Конечно, теперь, через много лет, я не могу с достоверностью восстановить всех движений Андрея Белого, необычных модуляций его голоса. Помню, как в конце, при словах «сзывает варварская лира!», он прижал руки к груди, потом медленно поднял их над головой и наконец опустил, как будто положил к нашим ногам драгоценную варварскую лиру.
…Мы вышли вместе. Была полная луна, висевшая высоко в небе, окруженная таинственным кольцом светящегося тумана. Штилевое море было совершенно безмолвно, даже песок не шуршал под ногами. Мы шли молча и уже подходили к пансиону, когда я наконец решился спросить его:
— Борис Николаевич, а какое стихотворение ваше собственное вы любите больше всех?
Точно крылья ласточки, его руки делали неожиданные, резкие повороты.
В тишине глухо доносился его негромкий, то приближавшийся, то отдалявшийся голос:
Все три стихотворения — «На что вы, дни», «Скифы», «Твой ясный взгляд» — были прочитаны одним человеком — Андреем Белым, — но каждое звучало по-разному, и каждое — до самого дна — выражало поэта, написавшего их.
А когда мы поднимались по ступенькам нашего пансиона, он сказал мне:
— «Твой ясный взгляд…» — мое любимое.
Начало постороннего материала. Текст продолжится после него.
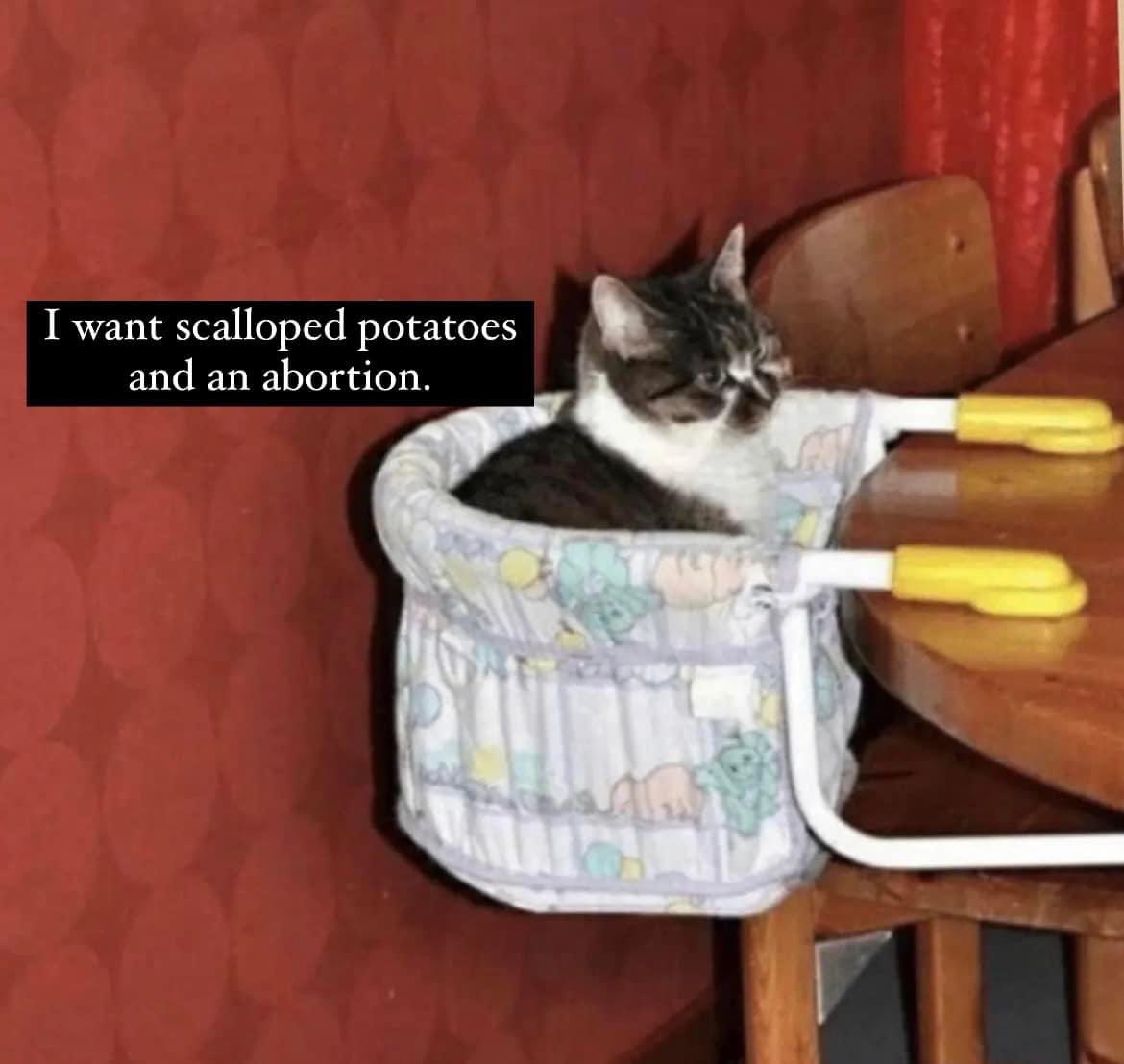 Feminist Flag Corps tweet media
Это я.
13
Так бывает иногда — еще спишь, но уже знаешь, что сейчас проснешься, и вот начинается недолгая, но яростная борьба за сон. Изо всех сил хватаясь за ускользающие образы, пытаешься продлить дыхание сна, и когда приближенье реального мира становится неизбежным, все еще продолжаешь лежать с закрытыми глазами, наново переживая видения сна, ловя оборвавшуюся некрепкую нить легкой потусторонней жизни. Наконец с невыразимой печалью открываешь глаза, и тогда мгновенно все меркнет — видения осыпаются, как иней, сквозь них нахально проступает рисунок давно знакомых обоев, привычные очертания комнаты, и в утреннем сумраке белеет штукатурка гладкого и скучного потолка. «Что мне снилось?» — невольно спрашиваешь себя, но в утлой памяти не сохранилось ни образа, ни краски, и ощущение растерянности на долгие часы овладевает тобой.